Toronto researchers have found a new way to speed up the body’s ability to rid itself of alcohol, a discovery they believe could one day help hospitals reduce the life-threatening effects of alcohol poisoning.
In a proof of concept study, published on Thursday in the journal Scientific Reports, the researchers demonstrated that by getting participants to hyperventilate with the use of a special device, they were able to markedly increase the rate at which their bodies eliminated alcohol.
“It way exceeded our expectations,” said Joseph Fisher, an anesthetist and senior scientist at University Health Network (UHN)'s Toronto General Hospital Research Institute who led the study.
Consumed in large enough quantities, alcohol can cause organ failure and death. Alcohol contributes to thousands of deaths each year in Canada and is the cause of hundreds of hospitalizations each day across the country.
While doctors can provide supportive measures, such as oxygen or intravenous fluids, they currently have no way of removing alcohol from patients’ systems other than dialysis, which is not always feasible.
Apart from a negligible amount that is expelled through the lungs, alcohol is entirely metabolized by the liver at a rate that is constant, Dr. Fisher explains.
“You can imagine that you have a bucket, and then you have a teaspoon. And it doesn’t matter how much water is in the bucket, you can only take out so many teaspoons per minute,” he said.
But he and his colleagues hypothesized it is possible to coax the lungs to play a bigger role in clearing alcohol from the body through hyperventilation.
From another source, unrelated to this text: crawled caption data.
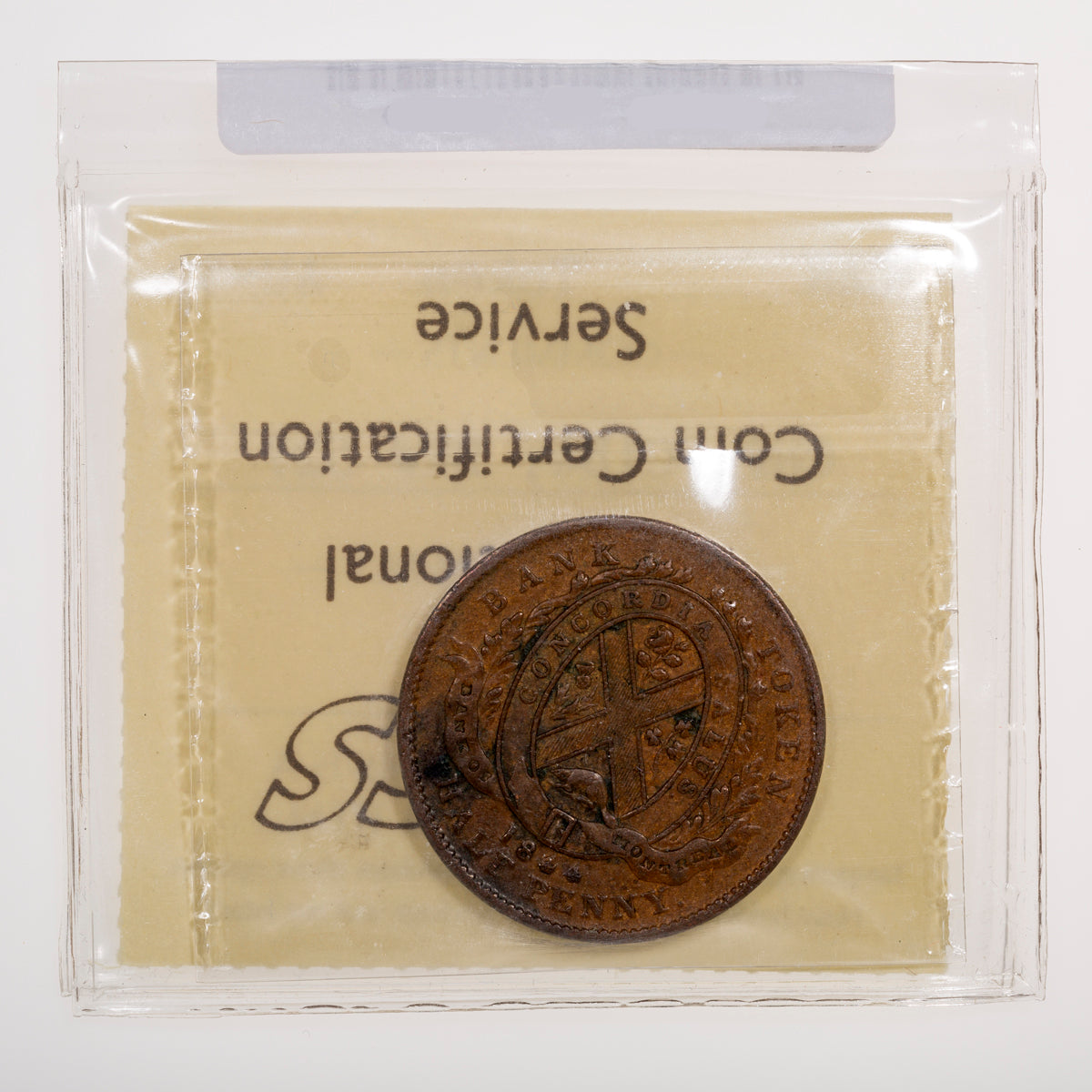 Province of Canada CH# PC-1B4 Bank of Montreal Half Penny 1844 Heavy trees, Long nose ICCS AU-50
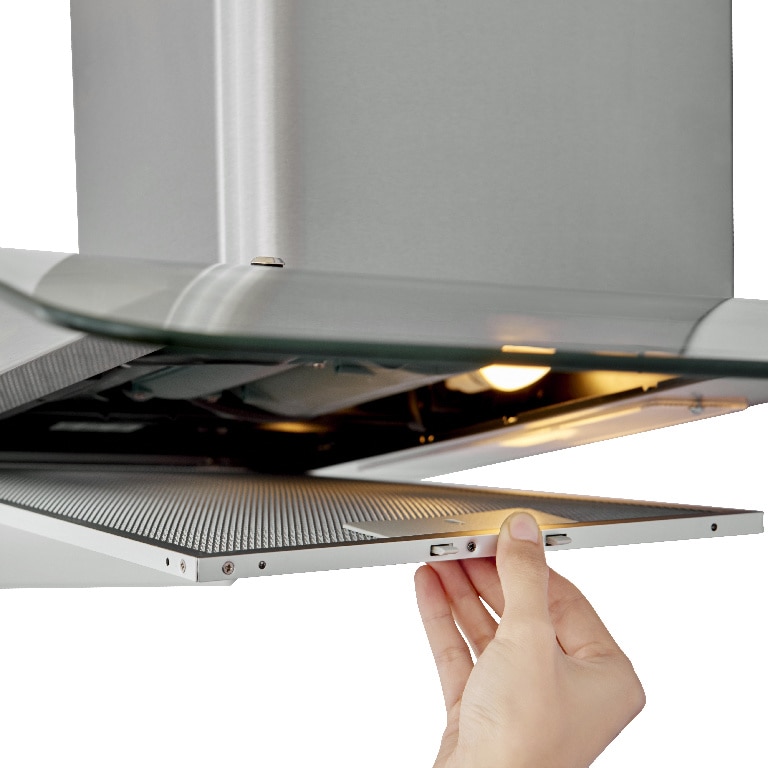 Hota curba din otel si sticla, 90 cm, clasa energetica C 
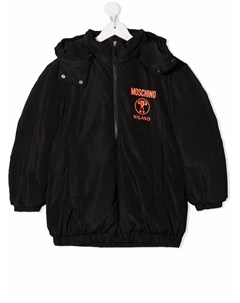 Пуховик на молнии с нашивкой логотипом Moschino kids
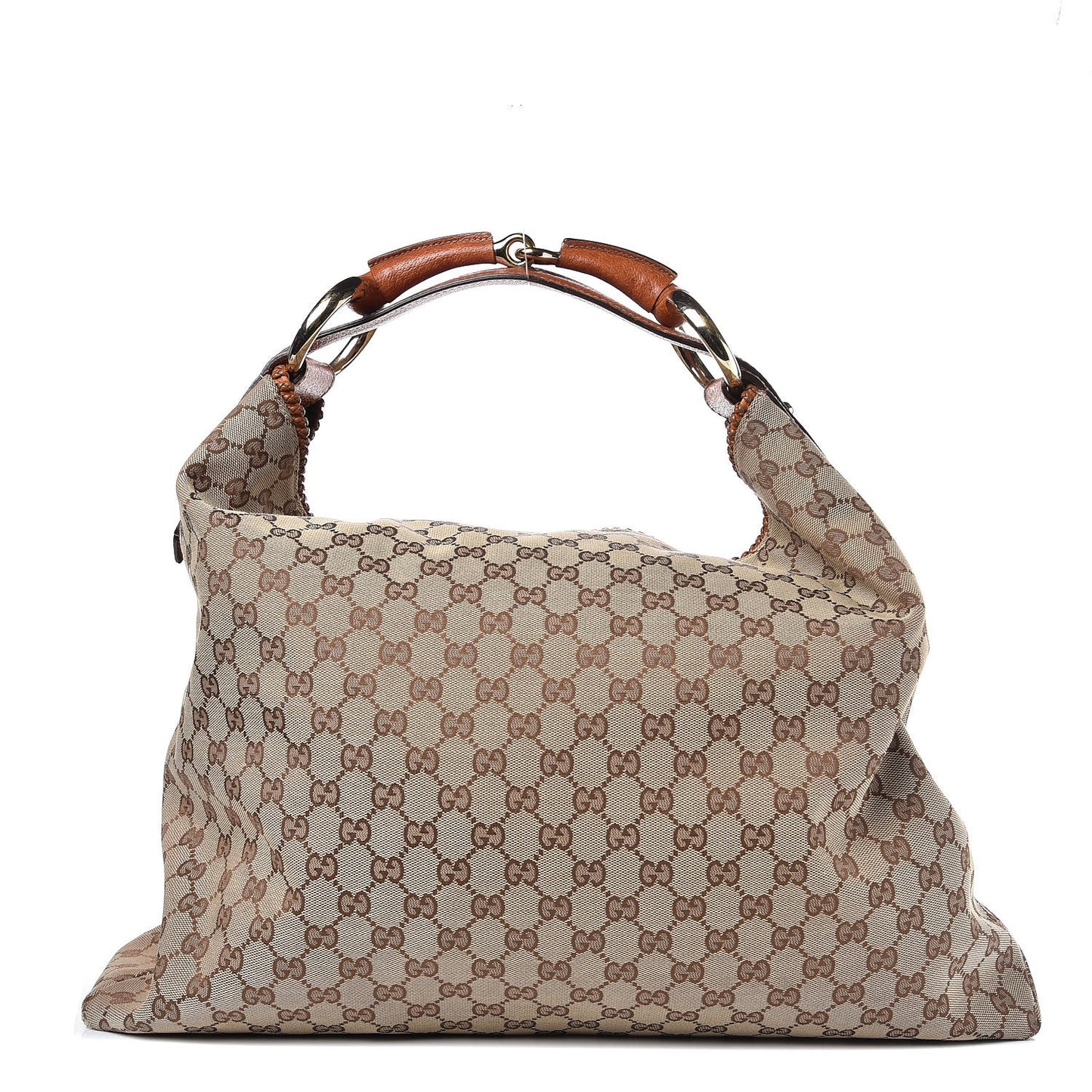 Monogram Large Horsebit Chain Hobo Brown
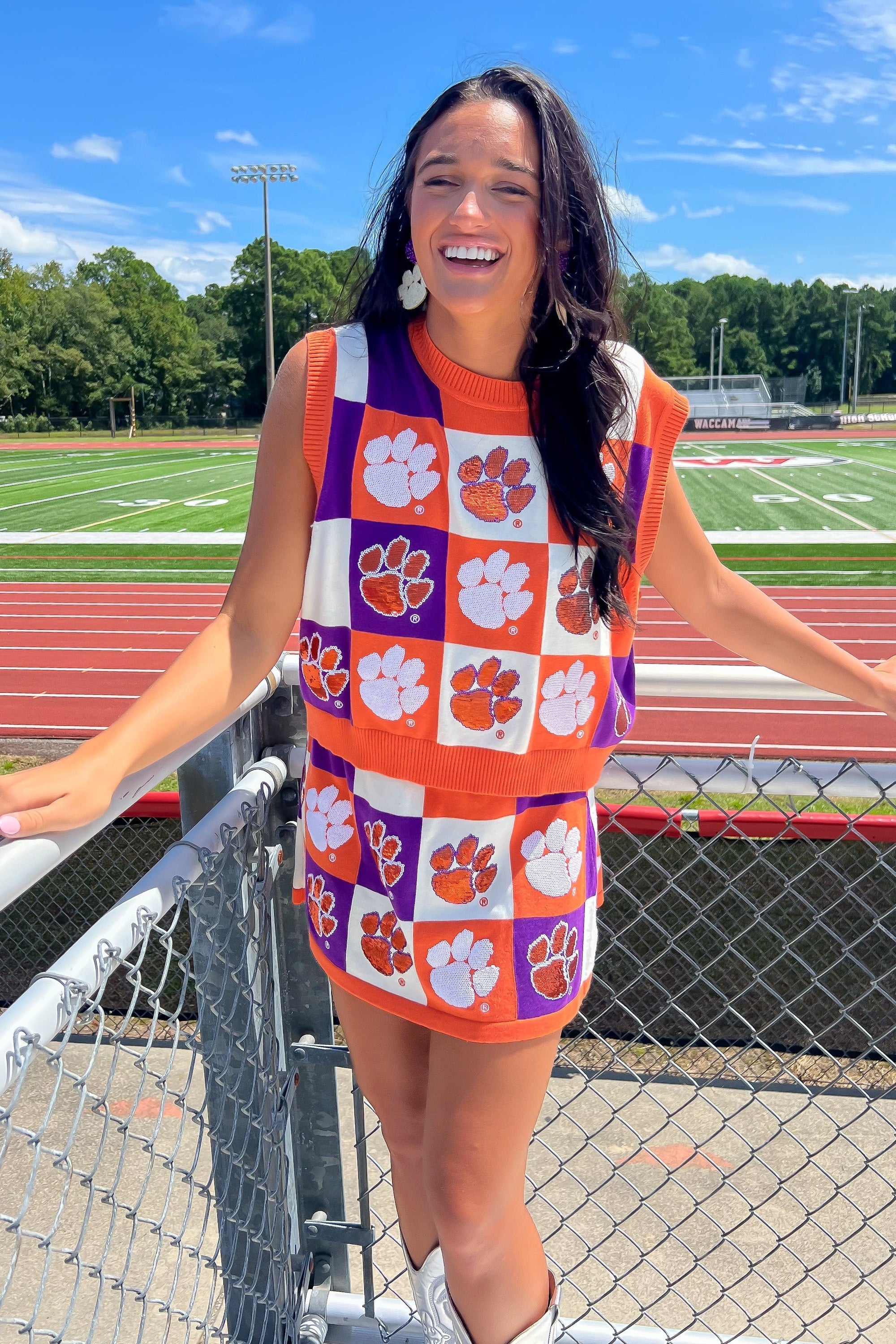 Queen of Sparkles Orange &amp; Purple Checkered Clemson Tiger Tank-Tops-Queen of Sparkles-L. Mae Boutique &amp; Wild Mabel Clothing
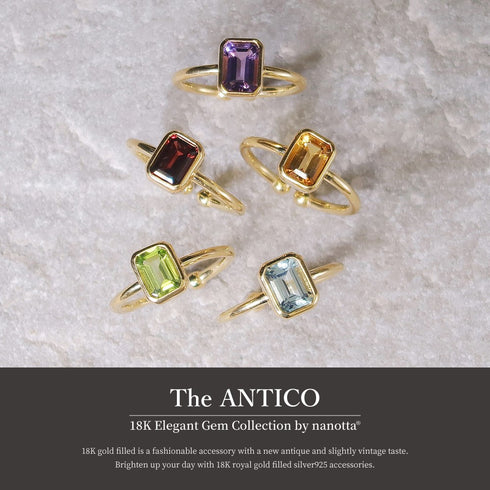 リング 指輪 天然石 レクタングル オクタゴンカット ANTICO ASR010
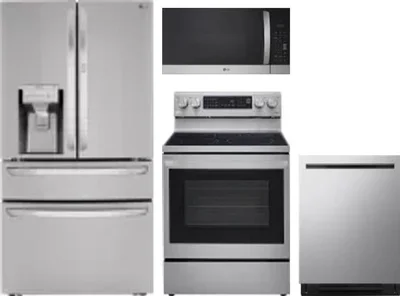 4 Piece Package Includes Refrigerator, Range, Microwave And Dishwasher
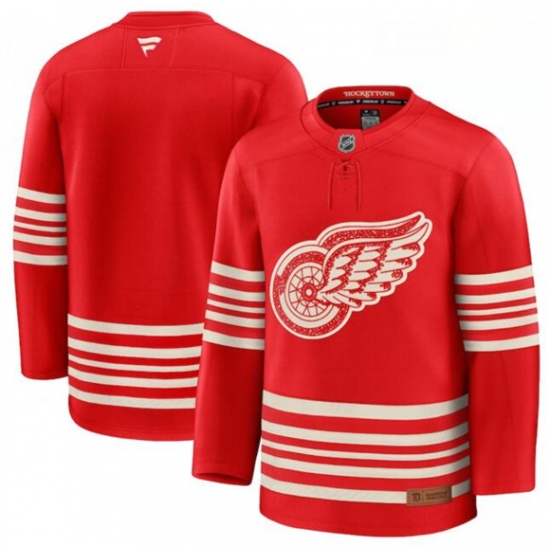 Men's Detroit Red Wings Blank Red 2025 Centennial Premium Stitched Hockey Jersey - Ujersey
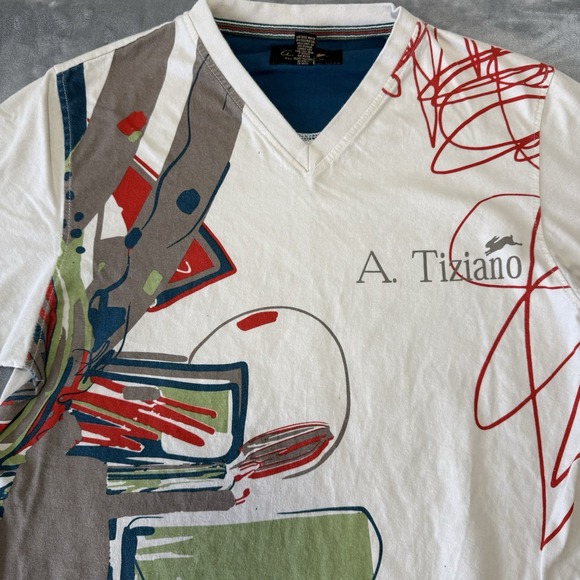 men's A. Tiziano graphic V-neck t-shirt.  Premium Wear Short Sleeve Size M - Picture 2 of 11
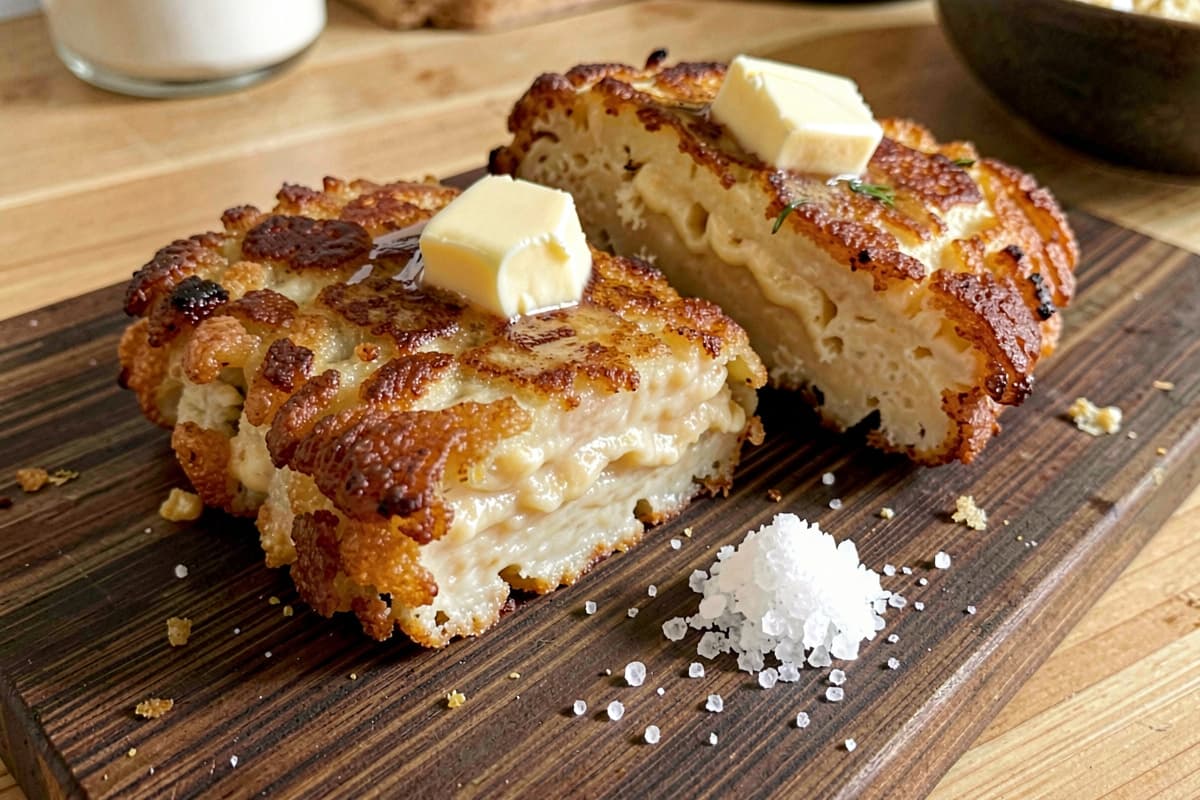 Pan-fried sweetbread slabs on a wooden cutting board, deep golden crispy exterior, creamy pale interior visible at the cut, butter glistening on top, salt scattered nearby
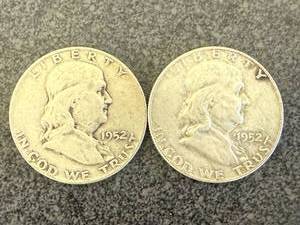 lot 28 image: 2 1952 Franklin Half Dollars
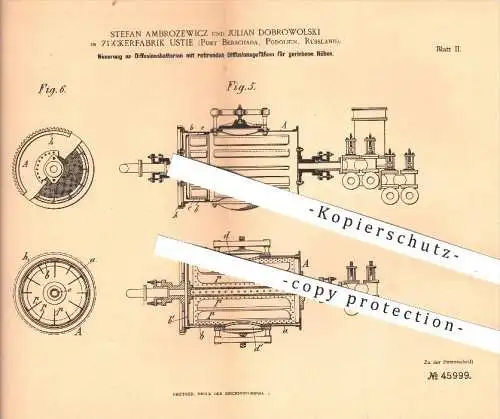 original Patent - S. Ambrozewicz , J. Dobrowolski , Zuckerfabrik Ustie , Berschada , 1888 , Diffusionsbatterien , Zucker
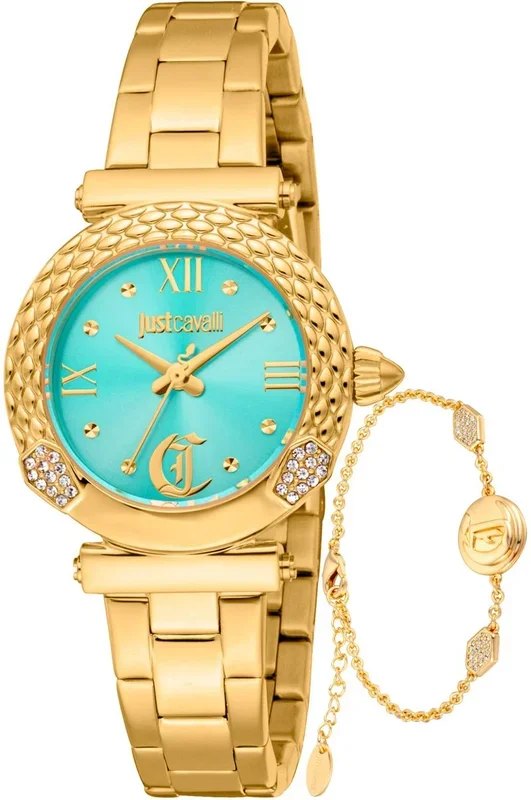 Reloj de pulsera Just Cavalli Just Cavalli SET Curiosa – JC1L332M0065 correa color: Oro amarillo Dial Turquesa Mujer
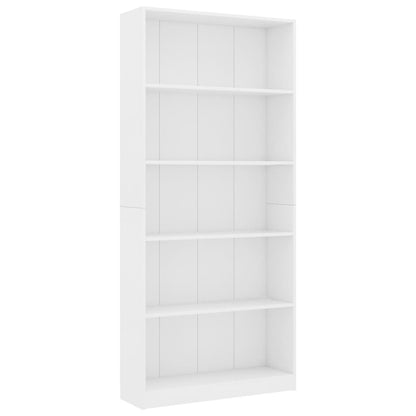 5-Tier Book Cabinet White 80x24x175 cm Engineered Wood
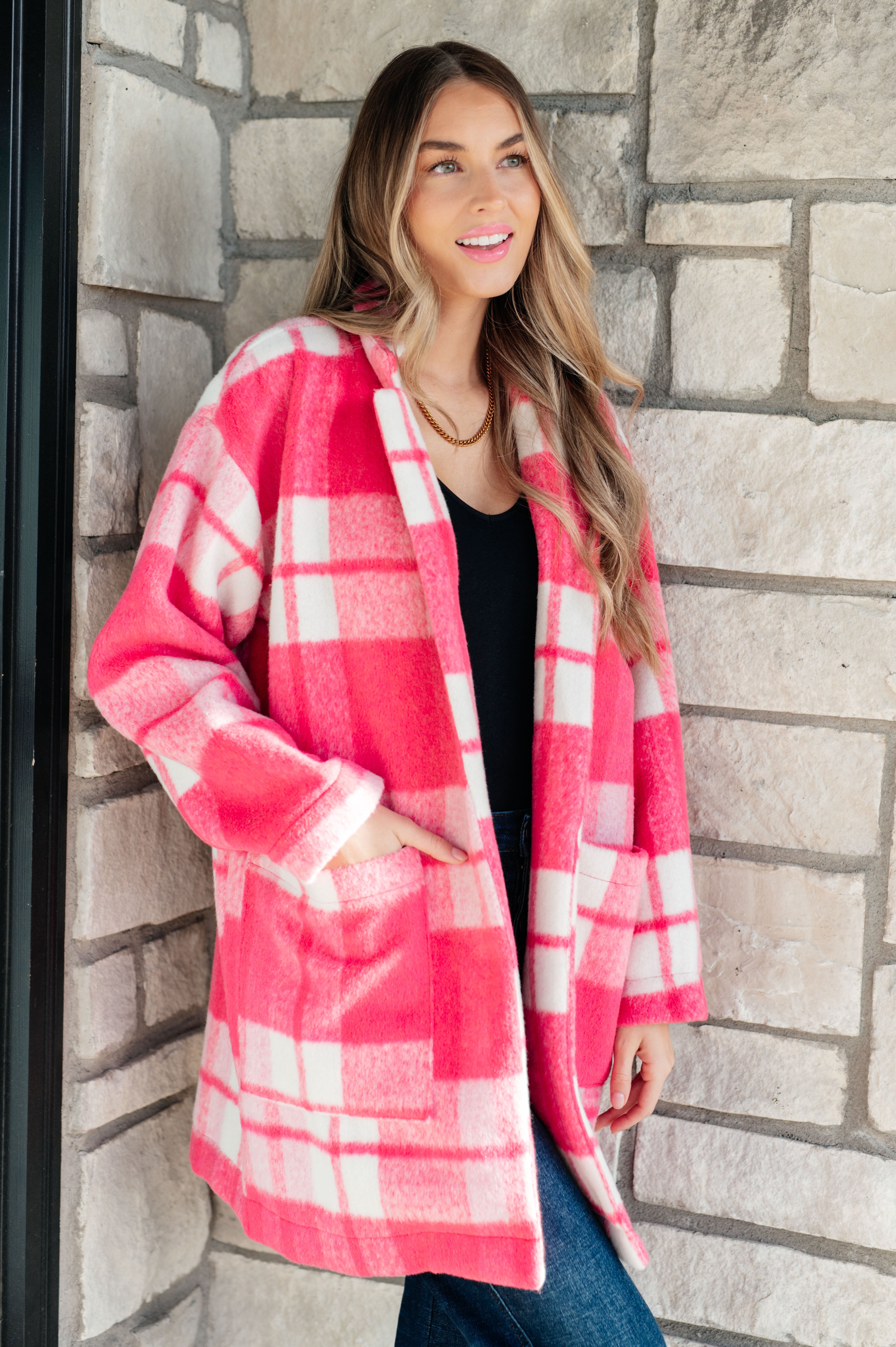 Davi & Dani Passion in Plaid Open Front Coat in Pink Layers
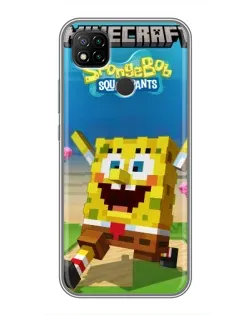Чехол для Xiaomi Redmi 9c с картинкой «Губка Боб Minecraft»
The trouble, however, is people cannot hyperventilate long before feeling the side effects of breathing out too much carbon dioxide, Dr. Fisher said. Doing so alters the pH levels of the blood, leading to dizziness and passing out.
However, using a low-tech device he helped invent for Thornhill Medical, a spin-off company from UHN, the researchers were able to ensure carbon dioxide in the body remained at a normal level, allowing participants to tolerate hyperventilation. The device, which uses valves and is attached to a cylinder of carbon dioxide, is designed to deliver an amount of carbon dioxide that is proportional to how hard the user breathes.
Dr. Fisher and his team tested the method on five healthy volunteers, who were asked to drink about half a glass of vodka on two occasions. The first time, they took Breathalyzer tests and blood tests after about two to three hours to obtain control measurements. The second time, the volunteers used the device to hyperventilate. The researchers put a catheter in a vein in the participants' forearms and one in an artery of their wrists, which allowed them to measure how much alcohol was in the blood before and after it passed through the lungs.
“That’s important because the stuff that goes to the brain and the organs is the stuff that’s in the arteries,” Dr. Fisher said, noting, “As soon as they started hyperventilating within a minute or two, the concentration fell dramatically in the artery.”
Moreover, while the participants were able to clear about half the alcohol from their systems within two to three hours during the control portion of the trial, they were able to do so in about 40 minutes when hyperventilating.
Erik Swenson, a pulmonologist and professor of pulmonary and critical care medicine at the University of Washington, who was not involved in the study, said the results show “pretty convincingly” that the method can make an important impact on the rate at which the body’s alcohol level falls.
Dr. Swenson said further study is needed to test this approach on a larger number of people, looking not only at whether their alcohol levels drop faster, but whether that translates to better clinical outcomes for patients. But, he said, he did not see it posing any side effects.